*** Block opens ***

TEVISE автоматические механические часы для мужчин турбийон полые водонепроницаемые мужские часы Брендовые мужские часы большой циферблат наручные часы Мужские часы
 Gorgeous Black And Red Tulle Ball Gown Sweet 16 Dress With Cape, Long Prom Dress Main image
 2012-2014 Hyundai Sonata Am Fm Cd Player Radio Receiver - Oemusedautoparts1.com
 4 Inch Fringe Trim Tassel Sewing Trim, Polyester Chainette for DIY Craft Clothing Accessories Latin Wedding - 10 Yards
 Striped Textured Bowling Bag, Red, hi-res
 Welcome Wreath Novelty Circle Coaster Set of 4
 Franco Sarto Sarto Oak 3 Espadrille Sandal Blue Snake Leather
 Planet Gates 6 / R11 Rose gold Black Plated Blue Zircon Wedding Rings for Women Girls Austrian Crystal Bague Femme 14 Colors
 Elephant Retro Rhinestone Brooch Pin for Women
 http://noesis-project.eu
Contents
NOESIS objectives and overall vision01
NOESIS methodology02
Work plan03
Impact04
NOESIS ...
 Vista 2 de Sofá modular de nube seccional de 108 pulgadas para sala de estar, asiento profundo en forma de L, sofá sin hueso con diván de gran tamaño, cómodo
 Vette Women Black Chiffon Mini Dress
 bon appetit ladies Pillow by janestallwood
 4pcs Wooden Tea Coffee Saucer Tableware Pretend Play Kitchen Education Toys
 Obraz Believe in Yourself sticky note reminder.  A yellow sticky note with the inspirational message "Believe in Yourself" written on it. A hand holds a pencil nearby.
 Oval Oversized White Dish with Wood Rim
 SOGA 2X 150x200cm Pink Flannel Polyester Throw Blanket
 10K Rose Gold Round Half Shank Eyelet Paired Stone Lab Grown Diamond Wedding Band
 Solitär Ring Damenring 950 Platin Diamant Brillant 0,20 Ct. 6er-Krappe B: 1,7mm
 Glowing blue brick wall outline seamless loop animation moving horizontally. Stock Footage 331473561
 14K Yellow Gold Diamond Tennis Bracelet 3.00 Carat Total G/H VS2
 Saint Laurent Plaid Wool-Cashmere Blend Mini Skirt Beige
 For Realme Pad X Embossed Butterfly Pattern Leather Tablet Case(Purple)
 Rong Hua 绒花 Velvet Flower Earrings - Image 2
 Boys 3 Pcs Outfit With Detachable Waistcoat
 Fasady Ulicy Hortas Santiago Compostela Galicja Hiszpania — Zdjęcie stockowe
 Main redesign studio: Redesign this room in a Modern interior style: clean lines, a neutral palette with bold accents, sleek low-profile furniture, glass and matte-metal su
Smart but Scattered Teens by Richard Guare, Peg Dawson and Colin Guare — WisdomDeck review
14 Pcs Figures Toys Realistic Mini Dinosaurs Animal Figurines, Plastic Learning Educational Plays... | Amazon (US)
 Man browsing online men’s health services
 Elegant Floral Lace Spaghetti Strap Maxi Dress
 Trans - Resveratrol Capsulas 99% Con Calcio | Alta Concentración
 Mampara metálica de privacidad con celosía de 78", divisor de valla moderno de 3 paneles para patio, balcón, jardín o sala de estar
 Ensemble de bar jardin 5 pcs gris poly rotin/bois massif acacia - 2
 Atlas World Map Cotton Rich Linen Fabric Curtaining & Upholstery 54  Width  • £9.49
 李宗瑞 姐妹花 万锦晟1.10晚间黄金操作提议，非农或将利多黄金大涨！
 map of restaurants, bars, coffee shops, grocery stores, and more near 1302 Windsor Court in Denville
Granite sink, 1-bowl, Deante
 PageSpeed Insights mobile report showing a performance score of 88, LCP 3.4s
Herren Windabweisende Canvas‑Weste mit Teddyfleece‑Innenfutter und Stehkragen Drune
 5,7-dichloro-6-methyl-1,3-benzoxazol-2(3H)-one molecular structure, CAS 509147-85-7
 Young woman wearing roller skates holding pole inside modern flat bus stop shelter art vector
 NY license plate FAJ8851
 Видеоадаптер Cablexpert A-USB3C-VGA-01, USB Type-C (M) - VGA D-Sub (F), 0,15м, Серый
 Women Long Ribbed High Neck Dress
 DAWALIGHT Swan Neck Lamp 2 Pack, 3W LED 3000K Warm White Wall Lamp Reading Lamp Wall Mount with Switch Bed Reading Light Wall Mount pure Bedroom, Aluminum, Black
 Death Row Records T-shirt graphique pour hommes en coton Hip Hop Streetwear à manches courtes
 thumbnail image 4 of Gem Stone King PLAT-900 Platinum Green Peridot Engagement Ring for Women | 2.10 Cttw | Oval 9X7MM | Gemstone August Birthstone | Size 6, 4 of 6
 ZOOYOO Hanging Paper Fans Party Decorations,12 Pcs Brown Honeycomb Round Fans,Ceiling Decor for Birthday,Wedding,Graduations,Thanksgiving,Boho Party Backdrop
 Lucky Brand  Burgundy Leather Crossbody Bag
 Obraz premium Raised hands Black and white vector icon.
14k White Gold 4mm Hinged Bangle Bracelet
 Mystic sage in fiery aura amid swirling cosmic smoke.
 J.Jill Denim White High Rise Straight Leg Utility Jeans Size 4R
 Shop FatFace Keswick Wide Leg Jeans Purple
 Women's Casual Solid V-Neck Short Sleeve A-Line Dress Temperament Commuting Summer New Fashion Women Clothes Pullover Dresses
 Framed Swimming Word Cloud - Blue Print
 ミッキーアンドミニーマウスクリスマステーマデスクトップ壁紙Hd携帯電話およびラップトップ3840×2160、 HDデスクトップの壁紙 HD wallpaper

*** Block closes ***

:: Brief ::
In the entries above, the lines between the one holding "Death Row Records" and the one holding "J.Jill Denim White", inclusive, are to be printed exactly as written, and those alone.

:: Answer box ::
 Death Row Records T-shirt graphique pour hommes en coton Hip Hop Streetwear à manches courtes
 thumbnail image 4 of Gem Stone King PLAT-900 Platinum Green Peridot Engagement Ring for Women | 2.10 Cttw | Oval 9X7MM | Gemstone August Birthstone | Size 6, 4 of 6
 ZOOYOO Hanging Paper Fans Party Decorations,12 Pcs Brown Honeycomb Round Fans,Ceiling Decor for Birthday,Wedding,Graduations,Thanksgiving,Boho Party Backdrop
 Lucky Brand  Burgundy Leather Crossbody Bag
 Obraz premium Raised hands Black and white vector icon.
14k White Gold 4mm Hinged Bangle Bracelet
 Mystic sage in fiery aura amid swirling cosmic smoke.
 J.Jill Denim White High Rise Straight Leg Utility Jeans Size 4R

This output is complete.